Sunak also needs to save his skin when it comes to immigration, and he knows that the Home Secretary is an invaluable shield for his government’s credibility in this potentially election-defining area of policy. While the Prime Minister had one eye on police investigations and speeding ticket allegations, he had another on the incoming headlines that despite government targets, net migration into the United Kingdom has reached record highs. While Sunak is in part staking his electoral comeback on delivering on migration numbers and stopping the boats, Braverman is the undeniable political face of his immigration crackdown. As long as his publicity-keen Home Secretary remains in post, she can be the future fall guy if the public continues to be unimpressed with migration numbers, while the Prime Minister is gambling he can protect his own image as a leader trying to steer the ship to the shores of lower immigration. The moment Braverman exits centre stage, Sunak has to face the music when the next headlines over the wave of asylum seekers and legal migrants hit the press.

When it comes to Sunak’s electoral ambitions, Braverman is not just there to sponge up any criticism of the PM, she is also a significant electoral asset, because she has something that is ever-allusive in British politics: a water-tight political identity with the public. She is following in the footsteps of Boris Johnson, who Conservative voters unwaveringly saw as pro-Brexit despite once voting for Theresa May’s own derided Brexit deal and in face of constant allegations that he was a deep-seated remainer. The Home Secretary’s own political credentials appear to be equally as durable; her limited success in halting boats coming across the English Channel and in controlling the movement of people into Britain has done little, if anything, to undermine her reputation among voters, Conservative supporters, and Tory backbenchers that she is unwaveringly anti-immigration, or anti-woke – two positions that Conservative HQ are hoping will win over wavering voters. The result is that Sunak might be banking that Braverman being front-and-centre of an election campaign will help sooth any anxieties among the public that the Conservatives are not focused on those electoral issues.

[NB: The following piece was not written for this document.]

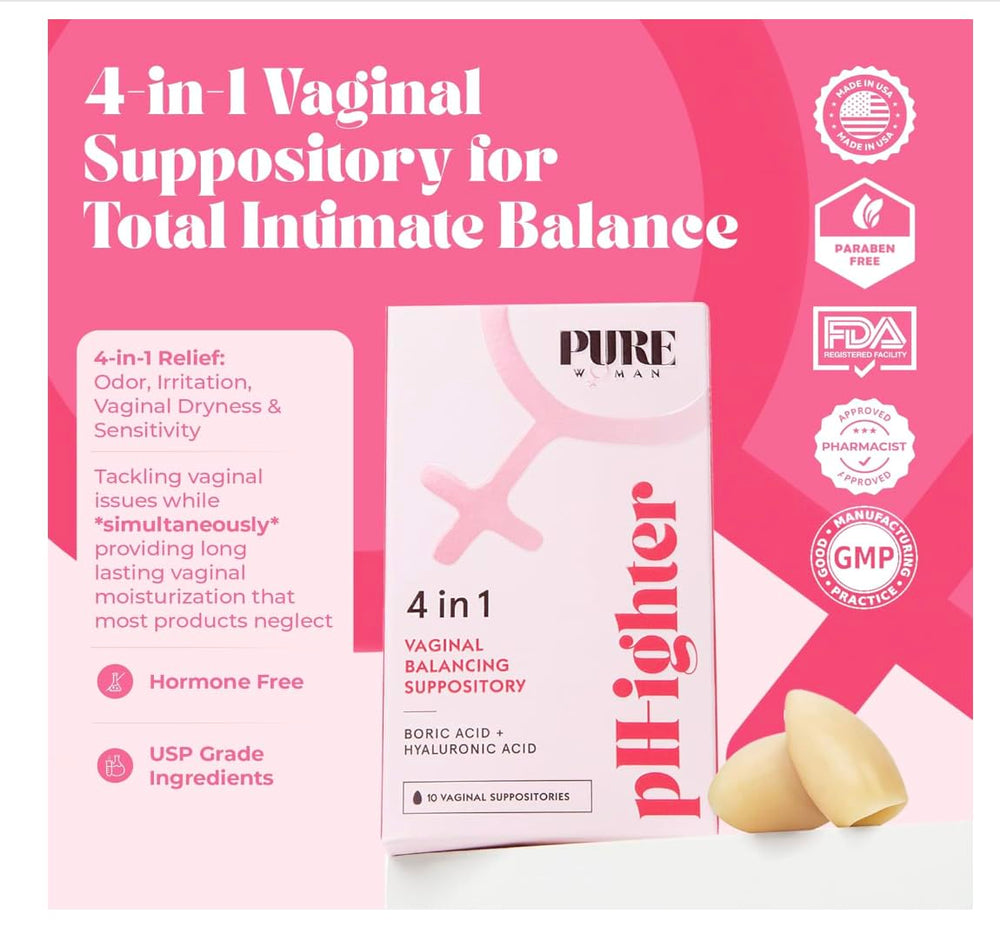 PURE WOMAN hyaluronic acid boost emphasizes vaginal tissue hydration.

Suella Braverman is a political survivor. She has scraped through successive scandals because she is successfully touting a populist Conservative political ideology in a Cabinet brief that matters to Tory backbenchers, Rishi Sunak, and, the PM will be hoping, prospective Conservative voters at the next general election. She may be a survivor, but she is also a maverick, and one that has her eyes peeled on her own political future and credibility. The Prime Minister believes he needs Braverman more than he can afford to have her agitating on the backbenches, but he will also have to remain vigilant that keeping her in the cabinet means another, potentially more damaging, blow-up might be around the corner. As the stakes continue to rise in the run up to the general election, Sunak will just be hoping that he is a political survivor too.